Posto assim, Estranho Mundo não estaria longe daquilo que se entende por "magia Disney". O filme vacila, porém, quando expõe demasiado o seu programa de boas intenções: não só a reta final da história é uma atabalhoada mensagem ambientalista (bonita, mas metida a martelo), como a família representada no filme tem qualquer coisa de árvore de Natal de "questões" sociais suavizadas pelas formas redondas da animação, desde o casamento interracial ao filho abertamente gay; já agora, a primeira personagem adolescente assumida como tal num filme da Disney. E não falta sequer um cão doméstico perneta!
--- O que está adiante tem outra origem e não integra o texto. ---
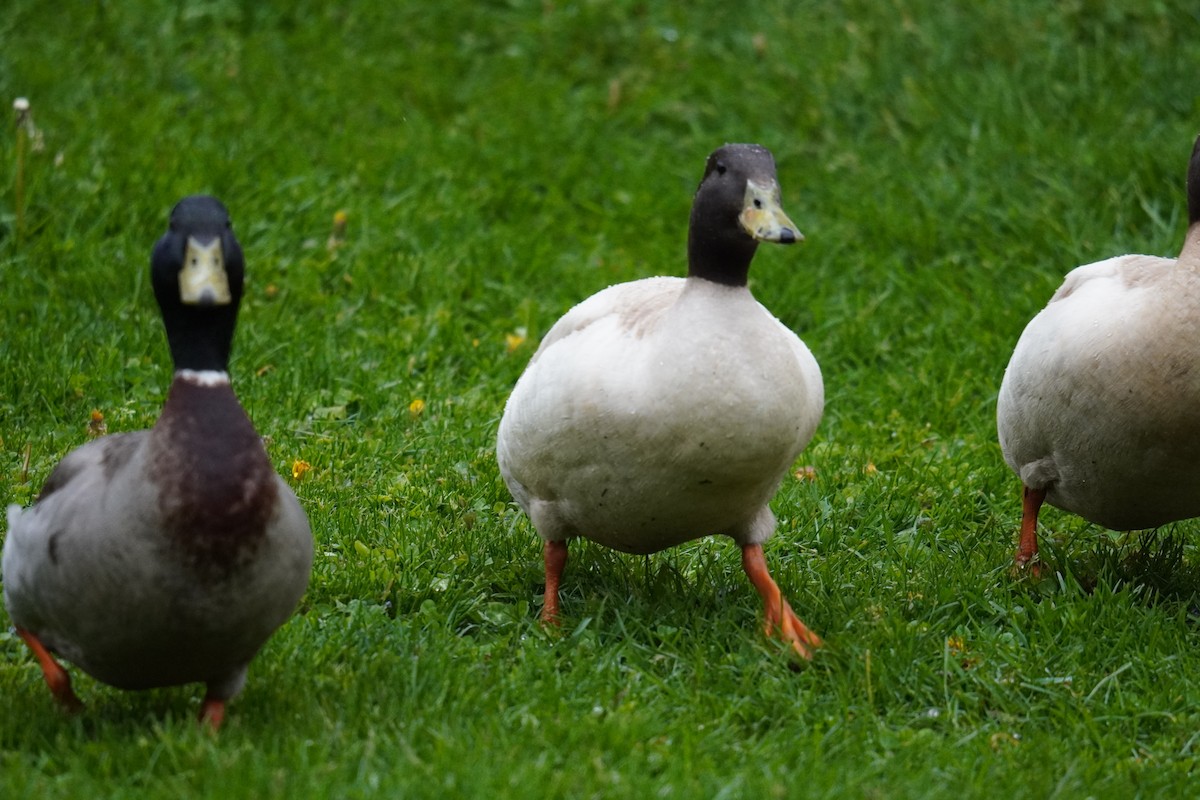 Mallard (Domestic type) - Ethan K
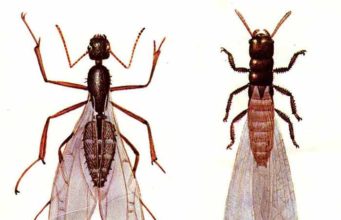 Flying Ants vs Termites-Differences & Similarities Ants v Termites-differences-similarities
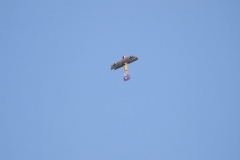 2010_0703_232046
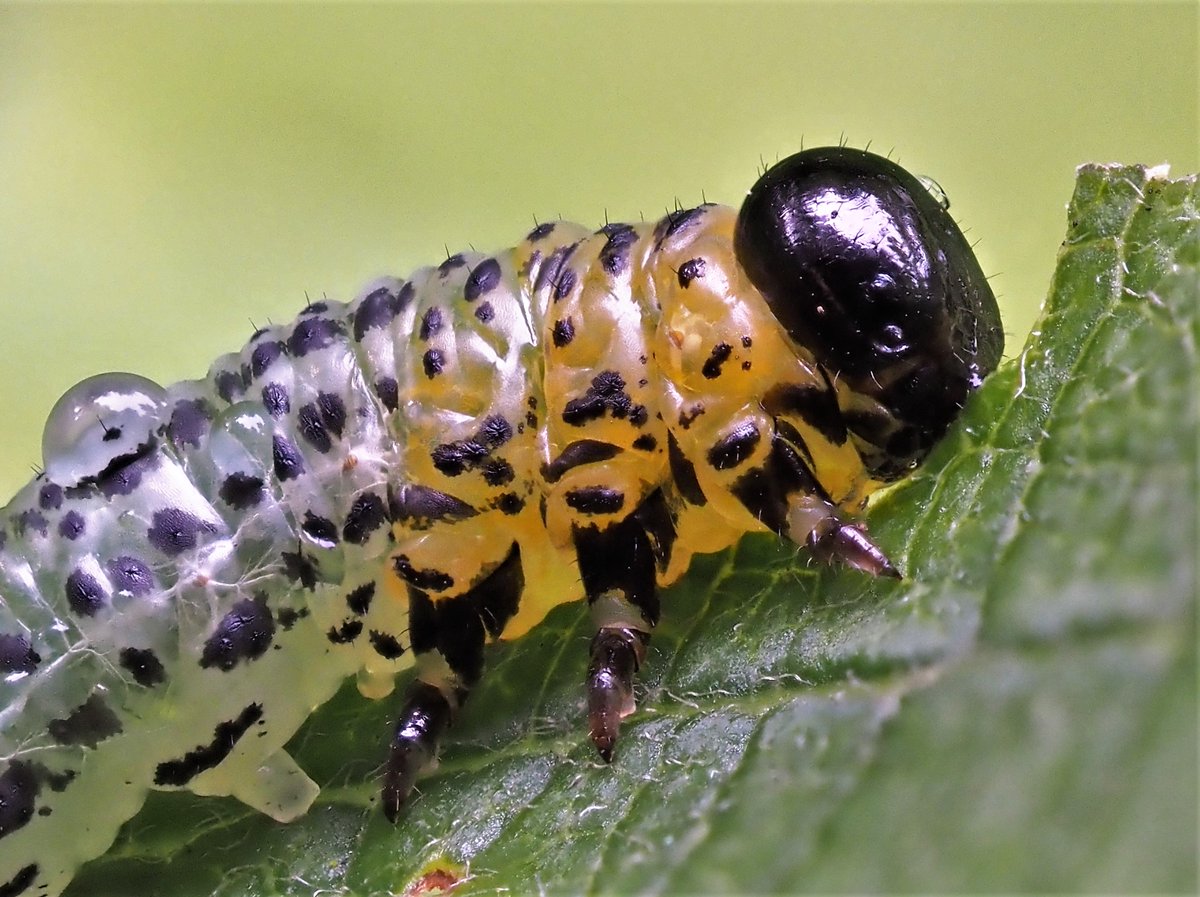 Up close with Euura miliaris, a willow-feeding sawfly larva, at Allerthorpe Common @YorksWildlife reserve. Only 8 documented Yorkshire records and five of those are mine. Must surely be more widespread on young Salix plants... @ynuorg #yorkshiresawflies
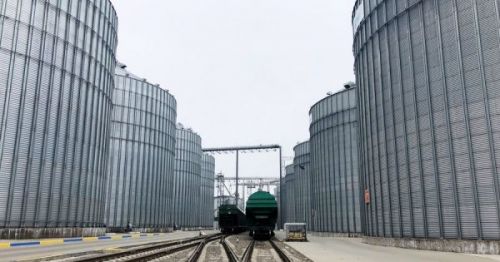 «Контінентал Фармерз Груп» експортував близько 600 тис. т зерна через трейдинговий напрямок за дев’ять місяців 2025 року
É claro que apetece saudar a atitude corajosa dos estúdios (até dá assaz regozijo a ideia do choque que pode eventualmente provocar em mentes bolorentas), mas a verdade é que Estranho Mundo não tem envergadura criativa para conciliar diversão, aventura old school, temas e preocupações de representatividade sem parecer que está só a sinalizar a mudança interna da Disney pela via de uma "naturalidade" vulnerável. Digamos que os diálogos são um pouco rudimentares nessa vontade de assinalar o progresso das consciências, e mesmo qualquer tentativa de humor está condenada pelo simplismo. Onde o filme se sai melhor é na exploração da dinâmica geracional, aquele conflito produtivo entre pais e filhos, com estes últimos a tentarem impor a sua individualidade dentro de uma lógica familiar de expectativas... Não é que salve o todo, ou que aproxime Estranho Mundo dos clássicos da marca, mas ao menos dá-lhe um coração.